2. Since the main appeal, A.S.No.492 of 2003, would decide the other appeal also, the appellant herein is referred to as plaintiff and the respondents are referred to as defendants for the sake of convenience.
3. The plaint allegations in brief are that defendants 1 to 3 are owners of the suit schedule land admeasuring Ac.16.04 cents in Sy.No.85, Patta No.57 situated at Chendurthi village, Gollaprolu Mandal, East Godavari District. It is alleged that defendants 1 to 3 offered to sell and the plaintiff and the fourth defendant agreed to purchase the schedule land for a total consideration of Rs.1,50,000/-. Accordingly, an agreement of sale was entered into between the parties on 12.10.1995. However, the said agreement was lost in transit and hence, identical agreement was again executed by and between the parties on 14.10.1995, marked as Ex.A1. As per the terms of the said agreement, defendants 1 to 3 received a sum of Rs.1,00,000/- as advance and it was stipulated that within one year period the agreement holders would pay the balance of Rs.50,000/- and obtain registration of the sale deed in their name and in the name of their nominee(s). The agreement also provides that possession of the schedule property was delivered to the agreement holders.

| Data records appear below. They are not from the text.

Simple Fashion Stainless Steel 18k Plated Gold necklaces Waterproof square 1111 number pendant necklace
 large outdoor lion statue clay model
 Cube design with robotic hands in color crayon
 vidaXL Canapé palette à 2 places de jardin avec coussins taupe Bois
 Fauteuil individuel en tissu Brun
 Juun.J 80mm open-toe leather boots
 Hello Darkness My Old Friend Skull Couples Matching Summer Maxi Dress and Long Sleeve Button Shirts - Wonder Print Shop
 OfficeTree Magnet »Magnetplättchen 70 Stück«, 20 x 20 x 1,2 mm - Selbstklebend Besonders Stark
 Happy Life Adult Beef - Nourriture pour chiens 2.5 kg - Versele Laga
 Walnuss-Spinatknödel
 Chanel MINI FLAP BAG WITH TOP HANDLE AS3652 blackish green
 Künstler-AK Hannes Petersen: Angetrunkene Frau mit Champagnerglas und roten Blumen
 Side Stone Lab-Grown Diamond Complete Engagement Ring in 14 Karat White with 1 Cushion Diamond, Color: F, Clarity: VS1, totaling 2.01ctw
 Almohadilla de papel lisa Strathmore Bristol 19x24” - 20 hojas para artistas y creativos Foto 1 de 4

The plaintiff, further, alleged that though the agreement recited as to delivery of possession, the same was never delivered. The plaintiff also claims that she was always ready with the balance consideration and in spite of demanding defendants 1 to 3 to execute the sale deed, defendants 1 to 3 failed to discharge their obligation. Alleging that the plaintiff was always ready at all relevant times, she filed the present suit for specific performance and in the alternative, sought refund of advance of Rs.1,00,000/-.
4. Defendants 1 to 3 filed a written statement accepting that there was an agreement of sale between the parties dated 12.10.1995 followed by duplicate agreement dated 14.10.1995, Ex.A1, signed by the parties at Secunderabad. They also accepted that advance of Rs.1,00,000/- was paid to them under the agreement and further stated that one year period or such mutually extended date was stipulated in the agreement for completion of the transaction.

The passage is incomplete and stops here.